Exercise goal: Quote exactly the lines from the start of the entries to the one with "Patagonia Powder Town Pants - Women's", both ends included.
Provided data Start Marker
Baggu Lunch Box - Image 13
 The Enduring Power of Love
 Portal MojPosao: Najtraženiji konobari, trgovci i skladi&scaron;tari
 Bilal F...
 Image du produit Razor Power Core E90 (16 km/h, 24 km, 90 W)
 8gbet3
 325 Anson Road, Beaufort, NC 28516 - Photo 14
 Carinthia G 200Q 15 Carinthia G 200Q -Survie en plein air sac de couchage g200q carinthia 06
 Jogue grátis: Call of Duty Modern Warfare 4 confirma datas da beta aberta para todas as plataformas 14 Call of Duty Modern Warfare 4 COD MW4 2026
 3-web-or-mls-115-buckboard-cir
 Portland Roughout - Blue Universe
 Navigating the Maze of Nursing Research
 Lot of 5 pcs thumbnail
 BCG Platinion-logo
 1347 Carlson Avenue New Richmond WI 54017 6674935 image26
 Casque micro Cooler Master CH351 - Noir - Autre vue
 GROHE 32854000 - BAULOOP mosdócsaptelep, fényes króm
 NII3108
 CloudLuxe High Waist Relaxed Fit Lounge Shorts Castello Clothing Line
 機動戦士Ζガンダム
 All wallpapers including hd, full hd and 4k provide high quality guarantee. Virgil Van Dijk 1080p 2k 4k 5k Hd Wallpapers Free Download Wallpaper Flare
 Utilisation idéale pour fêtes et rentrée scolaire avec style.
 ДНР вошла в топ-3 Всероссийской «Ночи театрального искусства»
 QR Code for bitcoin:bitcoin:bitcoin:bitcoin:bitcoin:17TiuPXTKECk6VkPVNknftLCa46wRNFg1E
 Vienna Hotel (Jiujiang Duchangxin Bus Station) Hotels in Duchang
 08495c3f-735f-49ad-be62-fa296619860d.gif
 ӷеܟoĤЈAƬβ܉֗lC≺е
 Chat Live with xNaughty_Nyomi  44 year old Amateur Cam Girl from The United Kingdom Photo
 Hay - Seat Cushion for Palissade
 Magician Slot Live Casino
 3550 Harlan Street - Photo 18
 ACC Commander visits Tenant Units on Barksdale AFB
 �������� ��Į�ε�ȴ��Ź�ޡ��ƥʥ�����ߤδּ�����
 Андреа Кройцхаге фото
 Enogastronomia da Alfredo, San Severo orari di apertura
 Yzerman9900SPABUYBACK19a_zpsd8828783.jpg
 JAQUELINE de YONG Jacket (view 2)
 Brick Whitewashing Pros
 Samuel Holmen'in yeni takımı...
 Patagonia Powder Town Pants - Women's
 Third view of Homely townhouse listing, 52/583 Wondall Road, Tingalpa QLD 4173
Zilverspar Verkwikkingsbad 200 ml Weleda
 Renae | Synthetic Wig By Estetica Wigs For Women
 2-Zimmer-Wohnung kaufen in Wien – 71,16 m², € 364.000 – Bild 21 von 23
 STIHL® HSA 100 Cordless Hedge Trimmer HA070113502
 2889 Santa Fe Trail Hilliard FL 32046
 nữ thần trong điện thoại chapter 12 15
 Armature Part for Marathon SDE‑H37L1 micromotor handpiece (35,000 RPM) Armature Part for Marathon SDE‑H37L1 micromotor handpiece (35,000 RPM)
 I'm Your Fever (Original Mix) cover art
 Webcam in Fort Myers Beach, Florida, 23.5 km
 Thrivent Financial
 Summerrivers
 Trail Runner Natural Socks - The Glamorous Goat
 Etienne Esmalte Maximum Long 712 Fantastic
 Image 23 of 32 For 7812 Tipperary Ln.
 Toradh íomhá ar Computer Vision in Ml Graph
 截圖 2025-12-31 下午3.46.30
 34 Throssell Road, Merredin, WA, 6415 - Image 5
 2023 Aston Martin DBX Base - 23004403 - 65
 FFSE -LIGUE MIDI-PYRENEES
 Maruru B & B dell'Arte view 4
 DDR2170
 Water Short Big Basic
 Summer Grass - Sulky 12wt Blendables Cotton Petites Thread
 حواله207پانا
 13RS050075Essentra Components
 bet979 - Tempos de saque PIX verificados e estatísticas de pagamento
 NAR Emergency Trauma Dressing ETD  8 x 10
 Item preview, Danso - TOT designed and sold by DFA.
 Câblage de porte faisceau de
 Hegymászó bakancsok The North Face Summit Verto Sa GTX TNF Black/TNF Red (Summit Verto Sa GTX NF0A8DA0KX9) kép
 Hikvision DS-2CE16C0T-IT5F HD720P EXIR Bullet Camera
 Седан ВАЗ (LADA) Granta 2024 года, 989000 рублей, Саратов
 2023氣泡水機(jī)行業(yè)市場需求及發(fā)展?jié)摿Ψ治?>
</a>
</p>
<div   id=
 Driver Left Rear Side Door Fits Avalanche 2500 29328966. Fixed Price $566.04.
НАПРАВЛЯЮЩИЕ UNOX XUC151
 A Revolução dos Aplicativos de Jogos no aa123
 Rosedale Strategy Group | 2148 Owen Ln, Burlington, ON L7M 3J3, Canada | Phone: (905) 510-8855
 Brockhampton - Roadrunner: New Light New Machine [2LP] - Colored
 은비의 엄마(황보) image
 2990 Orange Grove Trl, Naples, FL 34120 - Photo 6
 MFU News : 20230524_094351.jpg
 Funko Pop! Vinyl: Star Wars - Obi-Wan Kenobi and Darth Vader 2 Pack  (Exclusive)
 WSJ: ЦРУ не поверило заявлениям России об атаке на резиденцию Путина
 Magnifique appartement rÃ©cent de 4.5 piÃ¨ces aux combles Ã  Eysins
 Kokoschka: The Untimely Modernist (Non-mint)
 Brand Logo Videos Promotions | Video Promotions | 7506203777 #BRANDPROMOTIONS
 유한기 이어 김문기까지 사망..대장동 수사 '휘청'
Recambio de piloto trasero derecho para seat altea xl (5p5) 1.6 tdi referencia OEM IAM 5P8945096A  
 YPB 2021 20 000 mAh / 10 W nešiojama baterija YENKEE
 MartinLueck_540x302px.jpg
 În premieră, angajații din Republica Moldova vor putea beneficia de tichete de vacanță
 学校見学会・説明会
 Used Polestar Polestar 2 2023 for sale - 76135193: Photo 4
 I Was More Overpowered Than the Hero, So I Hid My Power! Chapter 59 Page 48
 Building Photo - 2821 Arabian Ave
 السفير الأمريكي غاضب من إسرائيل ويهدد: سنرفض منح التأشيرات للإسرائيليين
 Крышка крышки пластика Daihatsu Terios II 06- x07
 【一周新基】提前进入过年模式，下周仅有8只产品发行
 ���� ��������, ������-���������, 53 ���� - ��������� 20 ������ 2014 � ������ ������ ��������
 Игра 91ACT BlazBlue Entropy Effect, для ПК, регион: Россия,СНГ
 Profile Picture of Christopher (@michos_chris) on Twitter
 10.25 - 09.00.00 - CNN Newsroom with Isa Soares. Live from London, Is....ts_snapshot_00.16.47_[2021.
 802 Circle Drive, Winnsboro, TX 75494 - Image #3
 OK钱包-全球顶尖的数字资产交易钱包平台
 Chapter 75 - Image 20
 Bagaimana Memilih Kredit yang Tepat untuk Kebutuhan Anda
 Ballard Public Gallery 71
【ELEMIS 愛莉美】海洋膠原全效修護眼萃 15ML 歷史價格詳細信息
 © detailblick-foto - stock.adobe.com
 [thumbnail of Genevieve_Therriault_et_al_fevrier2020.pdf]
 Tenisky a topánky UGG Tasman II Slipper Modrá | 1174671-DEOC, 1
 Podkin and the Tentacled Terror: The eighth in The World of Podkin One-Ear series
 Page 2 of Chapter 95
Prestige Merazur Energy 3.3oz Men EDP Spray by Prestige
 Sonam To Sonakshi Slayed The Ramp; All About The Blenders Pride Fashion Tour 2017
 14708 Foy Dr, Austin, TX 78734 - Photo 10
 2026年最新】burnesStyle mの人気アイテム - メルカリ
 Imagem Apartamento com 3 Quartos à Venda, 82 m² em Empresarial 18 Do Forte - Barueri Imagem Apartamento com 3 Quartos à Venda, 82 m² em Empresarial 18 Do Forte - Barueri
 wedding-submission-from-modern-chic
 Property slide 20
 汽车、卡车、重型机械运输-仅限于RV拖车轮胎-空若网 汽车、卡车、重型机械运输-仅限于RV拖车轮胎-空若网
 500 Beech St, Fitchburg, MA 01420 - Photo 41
Provided data End Marker
Answer area:
Baggu Lunch Box - Image 13
 The Enduring Power of Love
 Portal MojPosao: Najtraženiji konobari, trgovci i skladi&scaron;tari
 Bilal F...
 Image du produit Razor Power Core E90 (16 km/h, 24 km, 90 W)
 8gbet3
 325 Anson Road, Beaufort, NC 28516 - Photo 14
 Carinthia G 200Q 15 Carinthia G 200Q -Survie en plein air sac de couchage g200q carinthia 06
 Jogue grátis: Call of Duty Modern Warfare 4 confirma datas da beta aberta para todas as plataformas 14 Call of Duty Modern Warfare 4 COD MW4 2026
 3-web-or-mls-115-buckboard-cir
 Portland Roughout - Blue Universe
 Navigating the Maze of Nursing Research
 Lot of 5 pcs thumbnail
 BCG Platinion-logo
 1347 Carlson Avenue New Richmond WI 54017 6674935 image26
 Casque micro Cooler Master CH351 - Noir - Autre vue
 GROHE 32854000 - BAULOOP mosdócsaptelep, fényes króm
 NII3108
 CloudLuxe High Waist Relaxed Fit Lounge Shorts Castello Clothing Line
 機動戦士Ζガンダム
 All wallpapers including hd, full hd and 4k provide high quality guarantee. Virgil Van Dijk 1080p 2k 4k 5k Hd Wallpapers Free Download Wallpaper Flare
 Utilisation idéale pour fêtes et rentrée scolaire avec style.
 ДНР вошла в топ-3 Всероссийской «Ночи театрального искусства»
 QR Code for bitcoin:bitcoin:bitcoin:bitcoin:bitcoin:17TiuPXTKECk6VkPVNknftLCa46wRNFg1E
 Vienna Hotel (Jiujiang Duchangxin Bus Station) Hotels in Duchang
 08495c3f-735f-49ad-be62-fa296619860d.gif
 ӷеܟoĤЈAƬβ܉֗lC≺е
 Chat Live with xNaughty_Nyomi  44 year old Amateur Cam Girl from The United Kingdom Photo
 Hay - Seat Cushion for Palissade
 Magician Slot Live Casino
 3550 Harlan Street - Photo 18
 ACC Commander visits Tenant Units on Barksdale AFB
 �������� ��Į�ε�ȴ��Ź�ޡ��ƥʥ�����ߤδּ�����
 Андреа Кройцхаге фото
 Enogastronomia da Alfredo, San Severo orari di apertura
 Yzerman9900SPABUYBACK19a_zpsd8828783.jpg
 JAQUELINE de YONG Jacket (view 2)
 Brick Whitewashing Pros
 Samuel Holmen'in yeni takımı...
 Patagonia Powder Town Pants - Women's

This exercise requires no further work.